Search code examples
typessas

SAS where to get precision / scale for all "num" columns that store decimal data?


When another team generates output from dictionary_columns and I filter on type = "num": the precision and scale have only 1 value across all columns; "0" and ".", respectively. This is despite the fact that there are dozens if not hundreds of [precision 16, decimal 4] and [precision 16 and decimal 2] as verified by exporting the data. Also, 100% of the type = num columns have [length]= 8.

I've scoured output of dicationary_columns and all manner of SAS support pages. I would expect something like how to either

  • export a data dictionary with complete and accurate data type information
  • export create table statements for all existing tables with complete and accurate data type information

The real answer for DBAs See SAS documentation on the format command; when you supply a format, the value gets stored in the dictionary.columns.format. SAS will respect the format when you execute %ds2csv; so for dbas:

  1. export the dictionary.columns
  2. use dictionary.column to generate create table sql
  3. for (sas)variable type=char use varchar(sas column length)
  4. for (sas)variable type=num use the appropriate integer, decimal(precision, scale) etc. as indicated in the (dictionary.columns.format)

Solution

  • SAS has two type of variables. Fixed length character strings and 64-bit binary floating point numbers.

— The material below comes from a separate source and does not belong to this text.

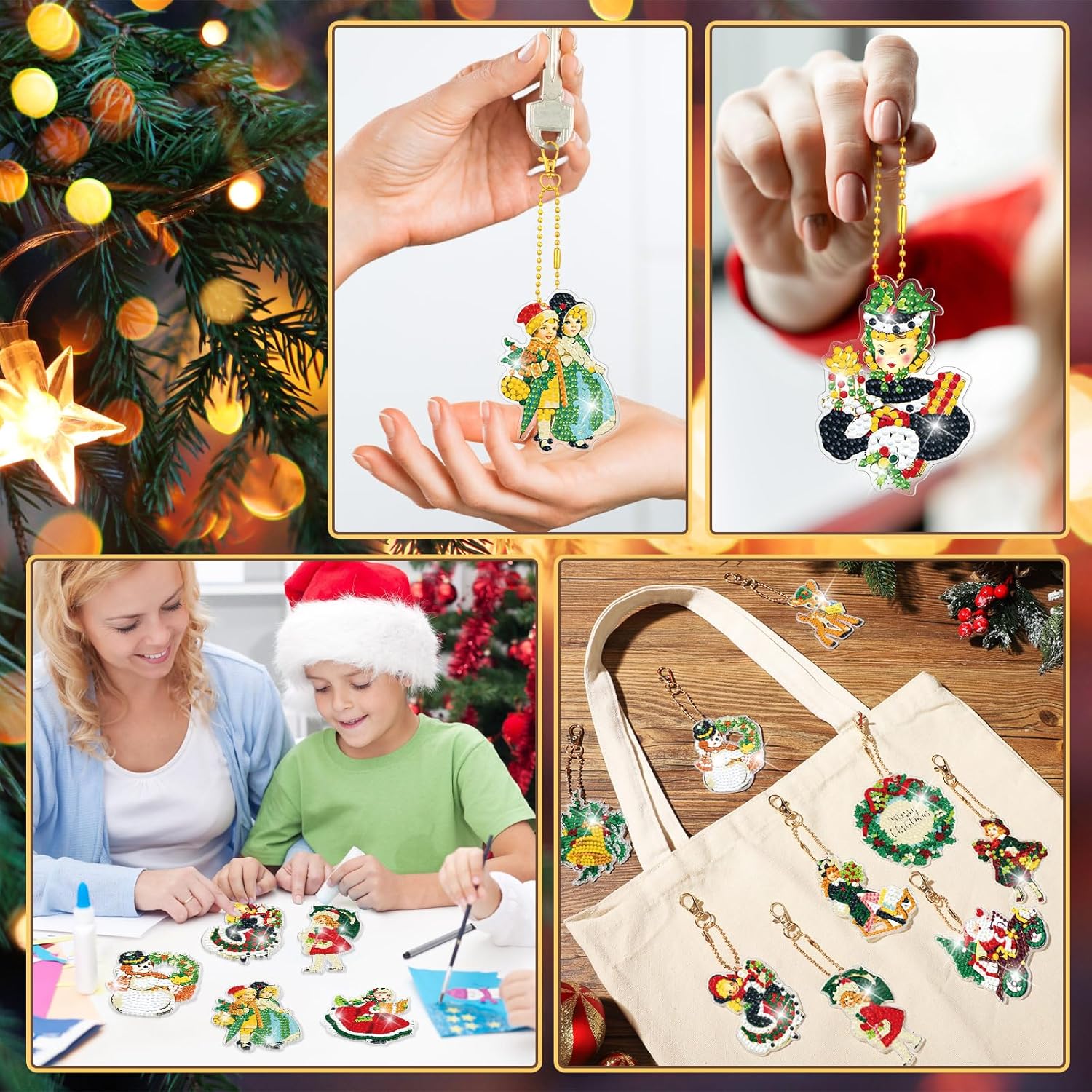 BBTO 15 llaveros de pintura de diamante vintage de Navidad, adornos de pintura de diamantes 5D, llaveros de arte de diamantes de Navidad para niños,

    The LENGTH of a variable is how many bytes it uses to store the value in the dataset. For a character variable that will match the number of characters when using a single byte encoding. For a numeric variable it is how many of the 8 bytes required to store a 64-bit number you want to store. When the value is retrieved from the dataset the other bytes are set to binary zeros. To see how that impacts the maximum integer that SAS can store precisely you can use the CONSTANT() function with the EXACTINT constant.

    So on a machine using IEEE format for floating point you get:

    1487  data _null_;
    1488    do bytes=3 to 8;
    1489      int=constant('exactint',bytes);
    1490      put bytes int comma23. ;
    1491    end;
    1492  run;
    
    3                   8,192
    4               2,097,152
    5             536,870,912
    6         137,438,953,472
    7      35,184,372,088,832
    8   9,007,199,254,740,992
    

    The values will be different if you are running on an IBM mainframe since that machine uses a different floating point representation.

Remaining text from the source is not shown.